Sometimes this fear is justified. I’ve often spoken to founders in exactly this position, concerned that their CEOs take an age to make decisions, lacks their hunger for growth, and are generally more interested in scaling their pension pots than in finding new business opportunities.
And of course, every day they run the business like that, the more like that the business becomes: process-heavy, risk-averse, bureaucratic approaches seep into the culture with every new hire and layer of approval.
The entrepreneurial CEO
The solution in circumstances like this is to find someone whose characteristics bridge the scale-up and mature business stages, someone who demands growth and is willing to take chances, at the same time as understanding that you can’t run a business with 20,000 people like you run one with 20. In other words, an entrepreneurial CEO.
You see these most often in the tech sector, where size is no barrier to rapid growth – Tim Cook for example, who never had the paradigm-changing foresight of Steve Jobs, but who had the genius to realise that Apple is as much in the luxury business as it is in technology business, and to run it accordingly.
Outside of tech, prominent examples include JD Sports’ Peter Cowgill, or indeed Dyson’s former CEO Martin McCourt, who dramatically expanded the consumer goods company’s product range and geographical reach, leaving Sir James to focus on the design and engineering.
There are some indicators that someone has the nous to be an entrepreneurial CEO. For example, they may have shown intrapreneurial qualities as a corporate divisional head, achieving meaningful innovation against internal inertia, or they may have experience working across start-ups and scale-ups as well as big businesses.

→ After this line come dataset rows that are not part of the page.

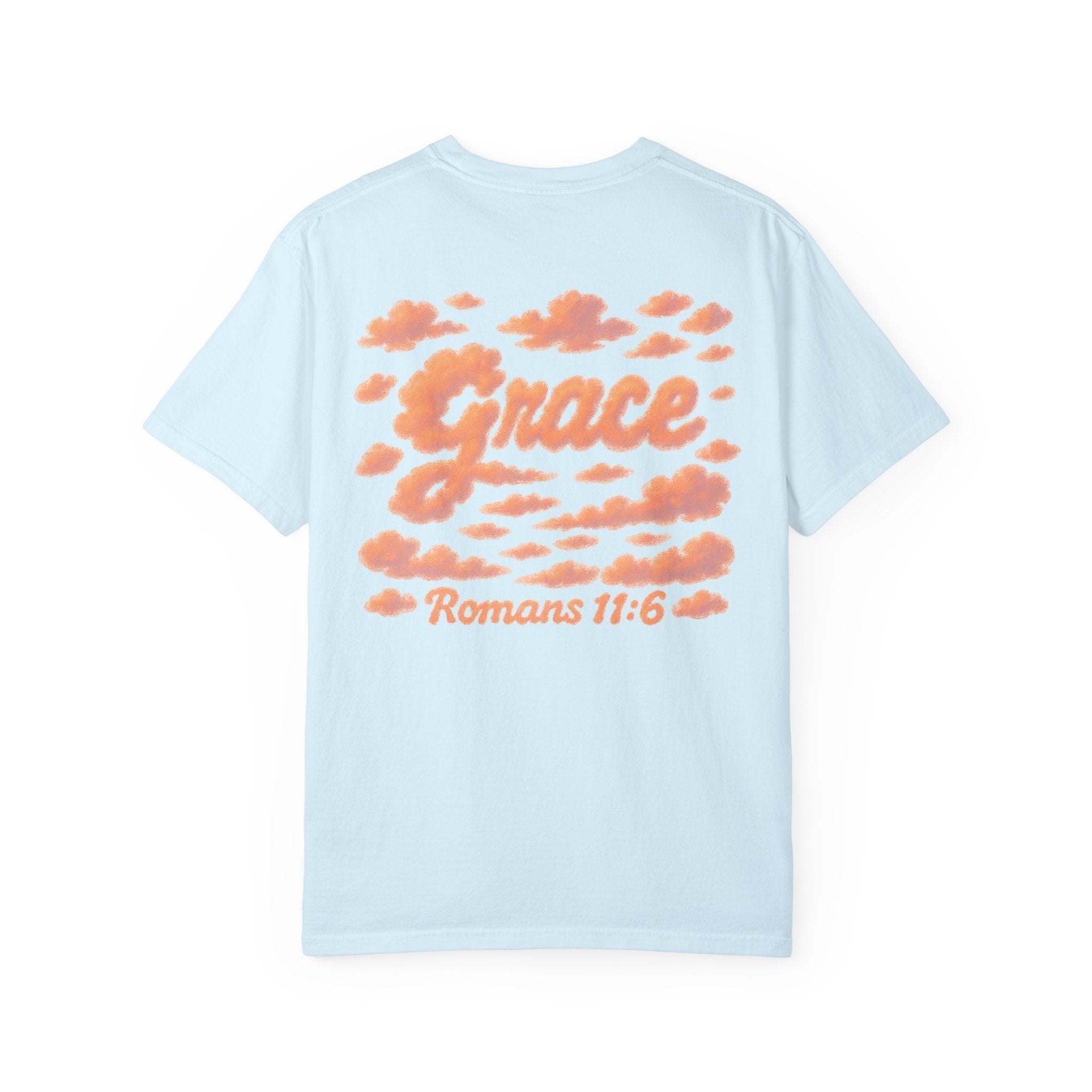 Grace.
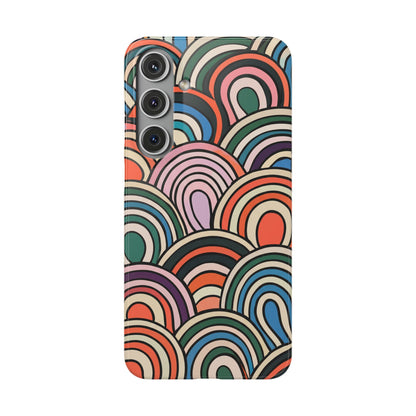 Snap Phone Case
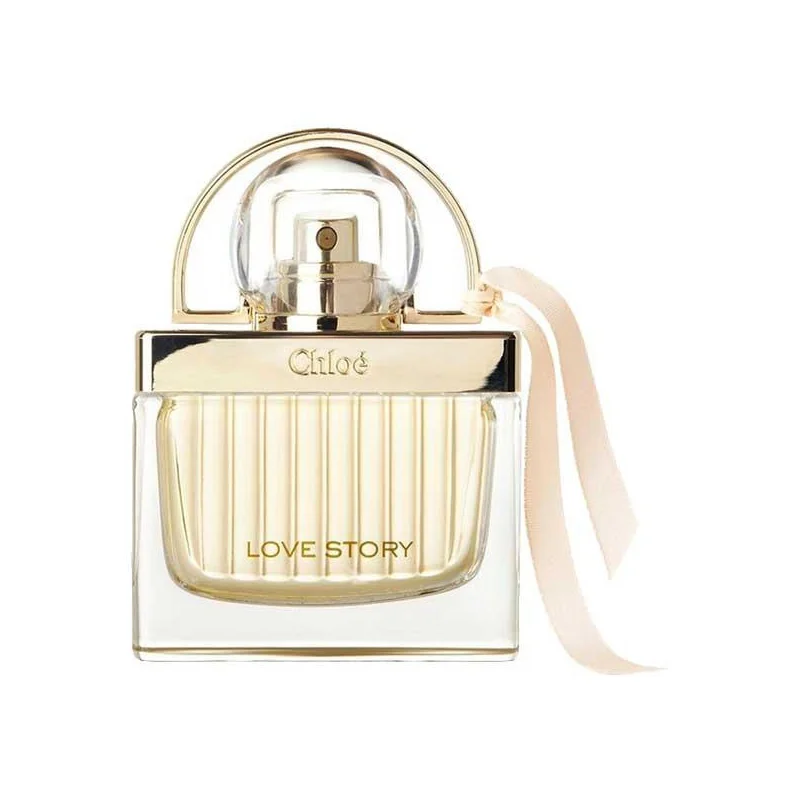 Love Story Eau De Parfum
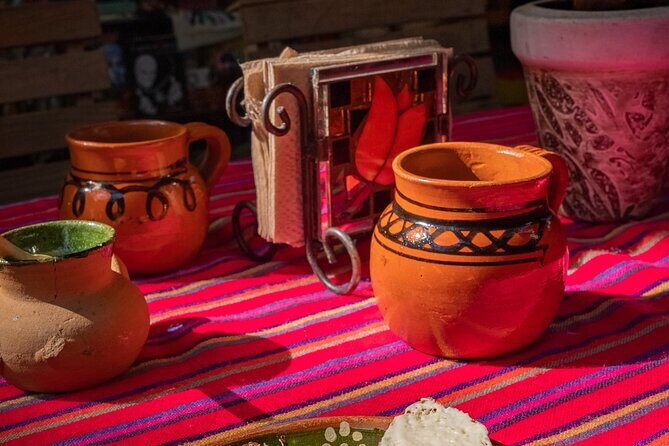 Uncover The Heart of México in Xochimilco - Exploring Xochimilco’s Cultural Heart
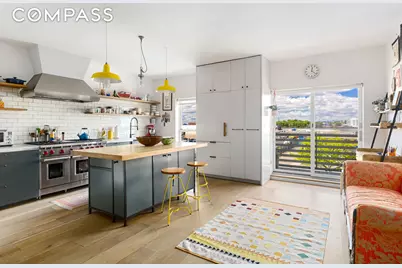 113 A Columbia Street, New York City, NY 11201 - Photo 2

For example, Roger Whiteside, retiring CEO of Greggs, was a senior lifer at M&S before joining Ocado in its earliest days, arriving at the food-on-the-go chain via a stint in private equity, demonstrating the ability to work across a range of settings. He grew Gregg’s market cap eightfold in nine years.
The real problem with finding an entrepreneurial CEO is of course that you can rarely tell from their past career how they will fare in this most unusual of roles. But a careful and rigorous assessment of their aptitudes can point the way.
The most important thing is knowing what you really want. It could be that your main priority is to get your chaotic firm into order, in which case you may actually want a corporate, financially-minded leader. Or you may want someone to complement your entrepreneurialism in a structure where you still have significant influence on the firm’s direction. Or you may just want Jeff Bezos 2.0.
Whatever it is, be upfront about it. No matter how entrepreneurial you want your CEO to be, they are still an employee after all, and like all employees they work best when you set clear and realistic expectations.